Revenue rose to RM2.55bil from RM2.49bil in FY24.
CIMB Research raised its FY26–FY27 earnings forecasts for MBM Resources by 9% to 10% to reflect the strengthening of the ringgit, which would benefit automakers and component manufacturers, and sustain sales momentum at Perodua.
“Although we project total industry volume to decline 2.5% year-on-year in 2026, we expect Perodua to maintain flattish sales volumes, supported by new model launches, despite intensifying competition from Proton,” it said.
The research house estimated the new Perodua Traz would contribute about 12,000 units in 2026, noting that market reception has been encouraging with 1,901 units registered in January 2026.

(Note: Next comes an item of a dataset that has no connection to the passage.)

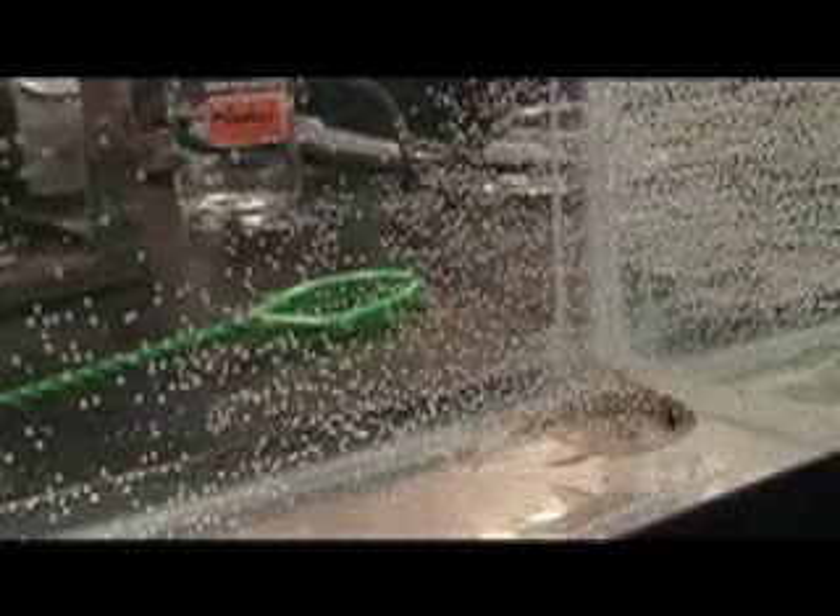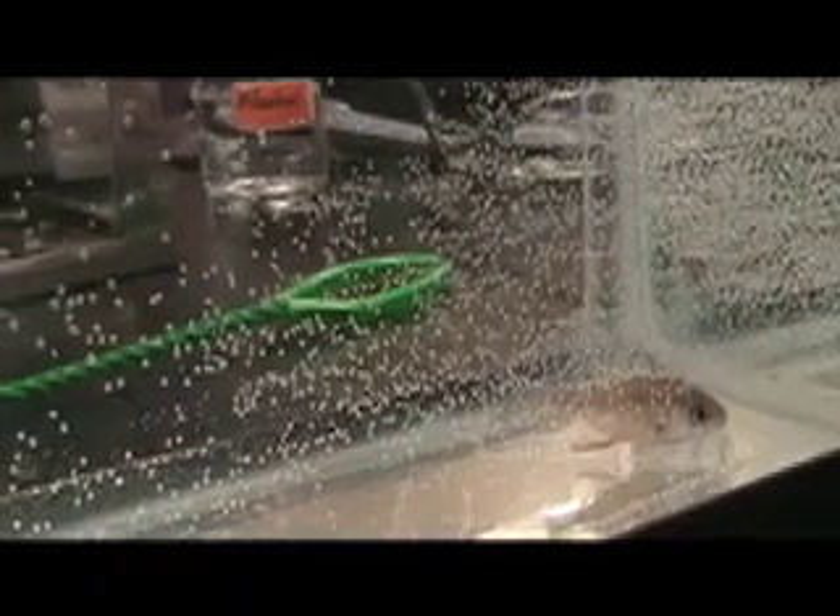Just dunk it all down. Don't tap it on the side because I think that indicates to him not to eat. Okay, our 40 little shrimp are in there. We have to be careful because he will spit them back out. Alright, and we are going to count.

However, it anticipated softer demand for the Perodua Bezza amid rising competition from the Proton Saga, while supply chain constraints related to the QV-E are being addressed to lift local production.
CIMB Research maintained its “buy” call on MBM Resources, with a target price of RM6.18, implying seven times FY26 price-earnings ratio, two standard deviations below the Malaysian automotive sector’s five-year mean of 11 times, with projected FY26–FY27 dividend yield of 9% backed by a net cash position of RM215mil as at end-December 2025.
Apex Research also lifted its forecasts after FY25 outperformance, raising FY26/FY27 earnings forecasts by 11.7% and 14.5% to RM343.9mil and RM360mil, respectively.
It expected industry volumes to normalise to 780,000 units in 2026 from a record 820,752 units in 2025, but expected MBM Resources’ earnings to remain resilient due to Perodua’s dominant position, healthy order backlog and recurring associate income.
“We maintain our ‘buy’ recommendation with a higher target price of RM7.04 (from RM6.30), based on eight times FY26 earnings per share of 88 sen,” it said, adding that the valuation reflected a discount to the sector average to account for margin normalisation and competitive intensity risks.